Eni and Vår Energi to acquire Neptune Energy Group for $4.9B
Eni International (“Eni”) along with Vår Energi (“Vår”) have reached an agreement to acquire Neptune Energy Group Limited (“Neptune”) for an aggregate enterprise value (subject to customary adjustments) of $4.9 billion.
Founded in 2015 in the UK, Neptune is an independent exploration and production company with a portfolio of gas-oriented assets and operations in Western Europe, North Africa, Indonesia and Australia. Neptune was and is currently owned by China Investment Corporation, funds advised by each of Carlyle Group and CVC Capital Partners, and certain management owners.
Eni will acquire assets comprising Neptune’s entire portfolio other than its operations in Germany and Norway. The German operations will be carved out prior to the Eni transaction and the Norwegian operations, will be acquired by Vår directly from Neptune under a separate share purchase agreement (the “Vår transaction”).

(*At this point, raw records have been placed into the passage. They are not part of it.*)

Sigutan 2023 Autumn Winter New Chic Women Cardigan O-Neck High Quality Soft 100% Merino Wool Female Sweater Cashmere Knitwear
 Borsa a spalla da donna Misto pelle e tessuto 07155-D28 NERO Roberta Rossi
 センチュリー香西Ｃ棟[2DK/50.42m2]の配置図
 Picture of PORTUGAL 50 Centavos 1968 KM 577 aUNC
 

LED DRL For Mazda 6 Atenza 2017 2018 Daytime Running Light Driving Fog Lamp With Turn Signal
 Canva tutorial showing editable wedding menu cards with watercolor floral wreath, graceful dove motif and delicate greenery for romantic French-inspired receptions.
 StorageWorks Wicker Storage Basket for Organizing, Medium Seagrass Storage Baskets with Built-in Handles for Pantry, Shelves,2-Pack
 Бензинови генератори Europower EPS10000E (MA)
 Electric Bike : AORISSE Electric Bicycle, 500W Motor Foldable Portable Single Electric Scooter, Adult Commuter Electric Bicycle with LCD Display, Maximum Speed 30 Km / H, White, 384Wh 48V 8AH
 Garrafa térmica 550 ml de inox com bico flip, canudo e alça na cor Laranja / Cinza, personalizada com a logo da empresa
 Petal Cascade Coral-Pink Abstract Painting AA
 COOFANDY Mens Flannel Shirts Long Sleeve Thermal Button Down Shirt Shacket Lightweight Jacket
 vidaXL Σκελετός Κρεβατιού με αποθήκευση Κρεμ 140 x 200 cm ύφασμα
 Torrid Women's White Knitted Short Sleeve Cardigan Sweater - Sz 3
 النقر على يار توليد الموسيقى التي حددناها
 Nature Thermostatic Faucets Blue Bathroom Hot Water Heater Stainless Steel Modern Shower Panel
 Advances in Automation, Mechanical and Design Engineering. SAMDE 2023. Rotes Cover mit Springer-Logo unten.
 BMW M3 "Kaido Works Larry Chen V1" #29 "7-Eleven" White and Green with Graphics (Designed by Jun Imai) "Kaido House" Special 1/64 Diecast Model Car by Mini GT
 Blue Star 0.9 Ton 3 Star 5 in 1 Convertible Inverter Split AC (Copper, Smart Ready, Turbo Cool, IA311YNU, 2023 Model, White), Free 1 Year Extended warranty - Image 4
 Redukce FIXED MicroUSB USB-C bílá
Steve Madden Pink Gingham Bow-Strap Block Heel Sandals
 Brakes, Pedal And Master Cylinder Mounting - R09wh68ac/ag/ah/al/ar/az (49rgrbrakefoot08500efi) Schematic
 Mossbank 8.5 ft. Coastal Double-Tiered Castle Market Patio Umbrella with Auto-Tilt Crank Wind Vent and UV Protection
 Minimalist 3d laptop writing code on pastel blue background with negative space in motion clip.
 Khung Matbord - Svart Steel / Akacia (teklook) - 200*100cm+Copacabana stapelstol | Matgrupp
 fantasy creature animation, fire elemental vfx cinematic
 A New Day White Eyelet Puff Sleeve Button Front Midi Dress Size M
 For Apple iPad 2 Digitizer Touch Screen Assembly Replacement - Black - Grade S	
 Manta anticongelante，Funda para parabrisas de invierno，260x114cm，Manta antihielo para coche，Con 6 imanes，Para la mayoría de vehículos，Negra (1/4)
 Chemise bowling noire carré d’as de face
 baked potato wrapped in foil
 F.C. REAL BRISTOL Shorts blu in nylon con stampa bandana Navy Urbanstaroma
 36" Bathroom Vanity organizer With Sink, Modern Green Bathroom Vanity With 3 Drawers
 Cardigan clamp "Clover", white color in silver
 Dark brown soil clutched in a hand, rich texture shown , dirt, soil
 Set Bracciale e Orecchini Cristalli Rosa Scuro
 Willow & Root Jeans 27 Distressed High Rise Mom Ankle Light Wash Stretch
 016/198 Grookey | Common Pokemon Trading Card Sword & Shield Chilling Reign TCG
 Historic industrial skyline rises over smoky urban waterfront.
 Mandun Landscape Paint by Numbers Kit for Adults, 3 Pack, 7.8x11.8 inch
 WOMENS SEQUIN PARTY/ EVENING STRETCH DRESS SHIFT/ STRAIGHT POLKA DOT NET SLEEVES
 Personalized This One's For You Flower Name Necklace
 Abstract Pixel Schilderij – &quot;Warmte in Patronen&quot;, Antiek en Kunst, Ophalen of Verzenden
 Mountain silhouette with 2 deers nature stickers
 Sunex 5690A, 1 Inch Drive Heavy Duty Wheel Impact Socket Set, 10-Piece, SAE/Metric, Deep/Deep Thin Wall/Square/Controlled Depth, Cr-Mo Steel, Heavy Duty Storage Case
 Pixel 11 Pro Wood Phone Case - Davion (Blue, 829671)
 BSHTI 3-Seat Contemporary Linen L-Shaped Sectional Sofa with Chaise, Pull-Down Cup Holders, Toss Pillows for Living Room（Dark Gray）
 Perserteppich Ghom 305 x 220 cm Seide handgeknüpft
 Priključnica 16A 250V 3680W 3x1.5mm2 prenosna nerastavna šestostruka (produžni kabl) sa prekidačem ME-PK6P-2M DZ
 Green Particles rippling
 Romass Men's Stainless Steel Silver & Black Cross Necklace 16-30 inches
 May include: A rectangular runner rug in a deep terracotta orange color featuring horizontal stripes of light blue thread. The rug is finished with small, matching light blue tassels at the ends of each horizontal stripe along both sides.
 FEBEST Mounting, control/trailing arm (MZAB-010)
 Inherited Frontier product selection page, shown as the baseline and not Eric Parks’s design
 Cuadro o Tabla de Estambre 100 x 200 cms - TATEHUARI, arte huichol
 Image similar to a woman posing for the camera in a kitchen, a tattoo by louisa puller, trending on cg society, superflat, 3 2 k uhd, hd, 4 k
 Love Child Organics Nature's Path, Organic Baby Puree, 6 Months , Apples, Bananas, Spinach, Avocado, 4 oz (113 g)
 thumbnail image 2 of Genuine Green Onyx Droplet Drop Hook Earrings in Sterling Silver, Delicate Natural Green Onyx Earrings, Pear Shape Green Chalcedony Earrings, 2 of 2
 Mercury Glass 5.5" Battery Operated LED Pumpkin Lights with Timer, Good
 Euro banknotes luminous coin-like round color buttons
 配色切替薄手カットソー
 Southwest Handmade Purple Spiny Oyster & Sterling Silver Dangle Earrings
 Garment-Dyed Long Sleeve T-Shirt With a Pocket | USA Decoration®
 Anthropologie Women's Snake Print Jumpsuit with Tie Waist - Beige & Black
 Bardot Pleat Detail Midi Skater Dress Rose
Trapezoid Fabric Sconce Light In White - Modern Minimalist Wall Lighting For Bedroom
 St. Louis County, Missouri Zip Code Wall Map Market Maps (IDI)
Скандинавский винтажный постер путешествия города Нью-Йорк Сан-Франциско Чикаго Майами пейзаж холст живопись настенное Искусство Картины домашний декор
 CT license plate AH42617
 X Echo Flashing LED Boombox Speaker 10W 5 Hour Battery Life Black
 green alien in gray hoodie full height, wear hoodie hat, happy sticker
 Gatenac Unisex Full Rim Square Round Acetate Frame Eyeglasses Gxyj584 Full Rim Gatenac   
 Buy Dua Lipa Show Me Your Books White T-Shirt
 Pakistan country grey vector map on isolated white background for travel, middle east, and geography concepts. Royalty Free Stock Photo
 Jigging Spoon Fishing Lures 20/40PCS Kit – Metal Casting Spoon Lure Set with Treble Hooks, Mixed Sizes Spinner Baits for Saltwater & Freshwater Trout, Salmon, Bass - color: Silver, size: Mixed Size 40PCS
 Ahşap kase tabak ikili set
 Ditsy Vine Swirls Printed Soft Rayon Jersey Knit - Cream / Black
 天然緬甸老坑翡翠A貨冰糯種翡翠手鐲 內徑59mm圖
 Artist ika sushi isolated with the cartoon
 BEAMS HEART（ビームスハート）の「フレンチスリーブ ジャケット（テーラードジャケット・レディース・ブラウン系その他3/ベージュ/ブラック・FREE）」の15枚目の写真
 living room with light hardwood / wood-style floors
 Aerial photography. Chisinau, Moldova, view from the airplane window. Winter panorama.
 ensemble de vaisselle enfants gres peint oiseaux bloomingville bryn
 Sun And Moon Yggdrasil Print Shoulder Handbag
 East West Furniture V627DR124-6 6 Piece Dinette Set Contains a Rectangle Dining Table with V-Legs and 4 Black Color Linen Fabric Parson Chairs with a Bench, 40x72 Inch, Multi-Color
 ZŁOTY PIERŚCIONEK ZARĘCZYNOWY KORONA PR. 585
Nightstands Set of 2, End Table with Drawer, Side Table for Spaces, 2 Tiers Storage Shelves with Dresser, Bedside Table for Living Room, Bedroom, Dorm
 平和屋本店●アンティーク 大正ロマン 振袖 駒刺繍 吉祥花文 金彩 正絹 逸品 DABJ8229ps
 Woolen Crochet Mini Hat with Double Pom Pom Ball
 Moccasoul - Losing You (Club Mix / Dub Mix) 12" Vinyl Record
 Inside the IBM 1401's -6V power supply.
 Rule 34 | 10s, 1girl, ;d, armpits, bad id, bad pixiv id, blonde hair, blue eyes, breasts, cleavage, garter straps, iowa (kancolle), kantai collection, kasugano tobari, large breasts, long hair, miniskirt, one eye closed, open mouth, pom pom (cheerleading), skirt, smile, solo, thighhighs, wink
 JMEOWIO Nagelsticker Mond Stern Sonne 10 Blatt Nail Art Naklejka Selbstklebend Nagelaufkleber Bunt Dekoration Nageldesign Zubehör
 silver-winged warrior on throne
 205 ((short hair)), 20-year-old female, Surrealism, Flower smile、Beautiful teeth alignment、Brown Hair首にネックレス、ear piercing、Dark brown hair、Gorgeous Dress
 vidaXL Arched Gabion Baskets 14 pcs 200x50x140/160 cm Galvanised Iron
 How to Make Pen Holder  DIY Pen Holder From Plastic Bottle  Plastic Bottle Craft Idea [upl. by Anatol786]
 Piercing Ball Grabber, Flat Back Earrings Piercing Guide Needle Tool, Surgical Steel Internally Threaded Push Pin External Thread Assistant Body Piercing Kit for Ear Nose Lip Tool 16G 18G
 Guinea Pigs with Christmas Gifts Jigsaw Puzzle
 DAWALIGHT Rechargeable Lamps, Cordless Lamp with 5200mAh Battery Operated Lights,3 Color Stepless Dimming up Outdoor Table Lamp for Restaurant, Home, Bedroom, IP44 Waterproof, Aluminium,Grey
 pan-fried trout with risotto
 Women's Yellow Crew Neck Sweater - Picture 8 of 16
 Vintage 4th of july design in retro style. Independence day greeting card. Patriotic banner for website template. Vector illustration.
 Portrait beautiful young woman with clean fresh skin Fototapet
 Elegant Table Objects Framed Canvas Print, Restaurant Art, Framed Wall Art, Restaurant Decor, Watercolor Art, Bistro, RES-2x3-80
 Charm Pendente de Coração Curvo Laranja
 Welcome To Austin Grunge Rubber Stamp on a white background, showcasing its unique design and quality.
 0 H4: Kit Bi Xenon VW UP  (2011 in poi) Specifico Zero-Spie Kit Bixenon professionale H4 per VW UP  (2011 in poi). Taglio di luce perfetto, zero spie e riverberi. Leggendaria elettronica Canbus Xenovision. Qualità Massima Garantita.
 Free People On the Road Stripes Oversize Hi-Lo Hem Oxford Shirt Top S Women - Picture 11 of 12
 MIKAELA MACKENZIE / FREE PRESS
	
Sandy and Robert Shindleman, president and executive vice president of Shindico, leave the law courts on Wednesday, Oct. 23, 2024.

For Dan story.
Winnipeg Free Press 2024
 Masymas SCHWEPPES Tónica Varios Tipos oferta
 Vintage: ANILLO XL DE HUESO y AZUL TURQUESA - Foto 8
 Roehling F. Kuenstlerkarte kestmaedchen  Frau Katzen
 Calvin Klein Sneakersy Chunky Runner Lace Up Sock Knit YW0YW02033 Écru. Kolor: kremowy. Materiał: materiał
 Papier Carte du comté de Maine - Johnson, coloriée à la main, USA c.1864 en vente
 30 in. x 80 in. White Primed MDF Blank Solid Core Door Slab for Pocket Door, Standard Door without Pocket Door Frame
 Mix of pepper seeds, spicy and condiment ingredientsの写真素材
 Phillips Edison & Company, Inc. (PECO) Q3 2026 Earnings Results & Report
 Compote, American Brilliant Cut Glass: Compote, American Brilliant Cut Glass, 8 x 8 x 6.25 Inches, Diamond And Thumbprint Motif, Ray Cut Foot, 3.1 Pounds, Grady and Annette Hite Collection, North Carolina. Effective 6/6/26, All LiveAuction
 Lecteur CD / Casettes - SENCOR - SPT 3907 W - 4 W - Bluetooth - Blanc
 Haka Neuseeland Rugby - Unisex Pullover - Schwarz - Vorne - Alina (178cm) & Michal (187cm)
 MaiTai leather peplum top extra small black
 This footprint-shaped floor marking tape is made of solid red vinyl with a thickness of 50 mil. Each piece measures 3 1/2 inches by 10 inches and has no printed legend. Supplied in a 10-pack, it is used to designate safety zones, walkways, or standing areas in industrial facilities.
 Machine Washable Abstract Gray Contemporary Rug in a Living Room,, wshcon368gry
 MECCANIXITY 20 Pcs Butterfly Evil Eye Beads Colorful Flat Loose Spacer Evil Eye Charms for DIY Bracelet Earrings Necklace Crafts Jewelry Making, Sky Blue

The Vår transaction will close immediately prior to the Eni transaction with the proceeds from the Norway sale remaining with the Neptune Global Business purchased by Eni. Vår is a company listed on the Oslo Stock Exchange and is 63% owned by Eni.
The sale is subject to customary conditions, including receipt of necessary regulatory and governmental clearances, and is expected to close in the first quarter of 2024.
The transaction aligns with Eni’s strategy of providing affordable, secure and low carbon energy to society, for which natural gas remains an important source. The transaction is also consistent with Eni’s operating and financial framework, as well as the targets set out in Eni’s 2023-2026 Plan, delivering earnings and cashflow accretion, additional shareholder value and remuneration upside.
The advisors
White & Case as legal advisor to Eni and HSBC acted as exclusive financial advisor to Eni. Ernst & Young as tax and financial due diligence advisor to Eni.
The White & Case team that advised on the transaction was led by partners Michael Immordino (London & Milan) and Leonardo Graffi (Milan), supported by partners Ferigo Foscari, Alessandro Seganfreddo (both Milan) and Richard Jones (London), local partner Andrea Pretti (Milan), associates Nicolò Miglio, Valerio Bianchi (both Milan) and Elena Ruggiu (London) and lawyers Vincenzo Ferrini and Roberta Monasterolo (both Milan). Oil & gas industry expertise was provided by partners David Baker, David Lewis (both London) and Stephen Carlton (Melbourne) and associates Iman Algubari, Henry Brendon, Kathleen McConchie, Lauren Vallender (all London) and Ziad Gadalla (Cairo). Finance expertise was provided by partner Evgeny Scirto Ostrovskiy (Milan & London), local partner Bianca Caruso (Milan) and associates John Sanders, Beatrice Bertuzzi (both Milan) and Andrew Paget (London). Tax expertise was provided by partner Will Smith (London) and associate Lily Teh (London).
Freshfields Bruckhaus Deringer (‘Freshfields’) acted as international counsel on the transaction while Sharkawy & Sarhan acted as Egyptian legal adviser to China Investment Corporation, funds advised by The Carlyle Group and CVC Capital Partners, founder Sam Laidlaw, and certain management owners.
The Freshfields team is being led by partners Graham Watson and Alon Gordon, with support from a team across the network, including partners Toby Bingley, Tom Godwin and Charles Hayes. BAHR is advising on Norwegian law matters, with a team led by partners Thomas Svensen and Trond Lingaas.
Sharkawy & Sarhan Oil & Gas team was led by partner Heba Anwar Raslan who was closely supported by associate Farahnaz Abdel Bary.